Publication number: CN214190076U
Application number: CN202023281056.9U
Authority: CN
Inventors: 高伟
Original assignee: AVIC First Aircraft Institute
Current assignee: Xian Aircraft Design and Research Institute of AVIC; AVIC First Aircraft Institute
Priority date: 2020-12-29
Filing date: 2020-12-29
Publication date: 2021-09-14
Anticipated expiration: 2030-12-29

Abstract

The utility model discloses an aircraft stabilizer device, including leading edge and box section, wherein: partition plates are arranged inside the front edge at intervals in the unfolding direction, and panels are wrapped outside the partition plates; the box section comprises an upper wall plate, a lower wall plate, a main beam, an auxiliary beam and wing ribs, wherein the upper wall plate and the lower wall plate are respectively arranged at the upper side and the lower side of the box section; the wing ribs are distributed inside the box section in the unfolding direction, and the wing ribs are fixedly connected with the main beam, the auxiliary beam, the upper wall plate and the lower wall plate. The utility model discloses can solve the less problem of traditional stabilizer device box section load, improve structural efficiency.

Description

Plane stabilizer

Technical Field

The utility model relates to an aircraft structural design field, concretely relates to aircraft stabilizer device.

Background

The front edge and the rear edge of the conventional plane stabilizer are connected with the box section into a whole through metal strips; the structure is mature in form and simple in manufacturing and assembling process, but has the following problems:

1. one side of the box section wallboard bears a main bearing compression load, the other side of the box section wallboard bears a tensile load, the problem of skin stability of the compression load wallboard is obvious, the maintenance effect of a thin skin is poor, more wing ribs are needed for collecting pneumatic load and assisting in maintaining shape, and the larger weight cost is paid;

2. the front beam and the back beam are both C-shaped sections, the effect of bearing torque load is poor, and the efficiency of transferring torque load is not high for a thin skin structure.

3. The box sections are connected to both the leading and trailing edges by metal straps, and the presence of the difference in the coefficients of thermal expansion of the composite and metal materials tends to create additional compressive loads on the box section wall panels, thereby causing an increase in weight.

4. The mechanical connection has the advantages of low integration level of the assembly form, large assembly workload, long period, high cost and considerable weight of a large number of connecting pieces.

5. In order to meet the requirement of fastener countersink, the thickness of the thin-wall plate skin needs to be locally increased at the joint of the fastener, so that the process difficulty and the weight are increased.

Disclosure of Invention

The utility model aims at providing an aircraft stabilizer device for solve the less problem of traditional stabilizer device box section load, improve structural efficiency.

In order to realize the task, the utility model discloses a following technical scheme:

an aircraft stabilizer device comprising a leading edge and a box section, wherein:

partition plates are arranged inside the front edge at intervals in the unfolding direction, and panels are wrapped outside the partition plates;

the box section comprises an upper wall plate, a lower wall plate, a main beam, an auxiliary beam and wing ribs, wherein the upper wall plate and the lower wall plate are respectively arranged at the upper side and the lower side of the box section; the wing ribs are distributed inside the box section in the unfolding direction, and the wing ribs are fixedly connected with the main beam, the auxiliary beam, the upper wall plate and the lower wall plate.

Further, when the arrangement distance between the partition boards in the front edge is smaller than N, the front edge is in a partition board sparse configuration, and the panel is in a laminated structure; when the arrangement distance between the partition plates in the front edge is larger than N, the partition plates are in a close partition plate configuration, the panel is in a sandwich structure, and the panel and the partition plates are in an adhesive joint form to form an integral structure.

Furthermore, the partition plate is of a semi-elliptical structure, and the larger end of the partition plate is close to the main beam; the edge of the partition board is provided with a circle of connecting edge used for connecting the panel.
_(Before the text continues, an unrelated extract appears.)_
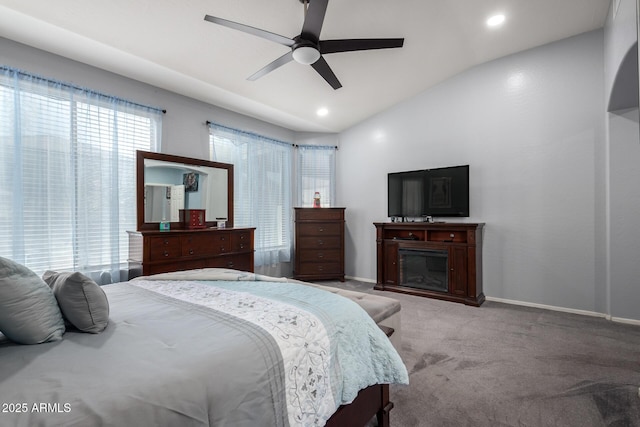 13629 W San Miguel Ave, Litchfield Park, AZ 85340 - bedroom featuring light carpet, baseboards, a glass covered fireplace, vaulted ceiling, and ceiling fan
Furthermore, the cross section of the main beam is a rectangular section, and the structural forms of the main beam are two, wherein one structural form is a sandwich structure, and the other structural form is a laminated structure.

Furthermore, the cross section of the auxiliary beam is in a C-shaped cross section form, and the structural form is a laminated plate structural form or a sandwich structural form.

Furthermore, the rib is made of a foam structure, the forming process is mechanical processing, and the outer surface is adhered with a glass cloth layer through an adhesive bonding process.

Furthermore, the partition boards and the panels in the front edge are all of composite material structures, and the upper wall boards, the lower wall boards, the main beams, the auxiliary beams and the wing ribs in the box section are all of composite material structures.

Furthermore, the upper wall plate and the lower wall plate are of a composite material sandwich structure.

Further, the front edge and the box section are overlapped with the edge of the panel in the front edge through grooves in the edges of the upper wall plate and the lower wall plate and then are connected into a whole through machinery.

Compared with the prior art, the utility model has the following technical characteristics:

1. the traditional front beam and the traditional rear beam are combined and designed into a rectangular square beam, the rectangular square beam forms a closed structure, box section torque load can be effectively transmitted, and meanwhile, the characteristics of the rectangular square beam can still transmit shearing force and bending moment load of a stabilizing surface.

2. The front edge and the box section are integrated by gluing the structural components, and are not connected by fasteners, so that the risk of mechanical connection damage is reduced, and the superiority of the composite material is fully exerted.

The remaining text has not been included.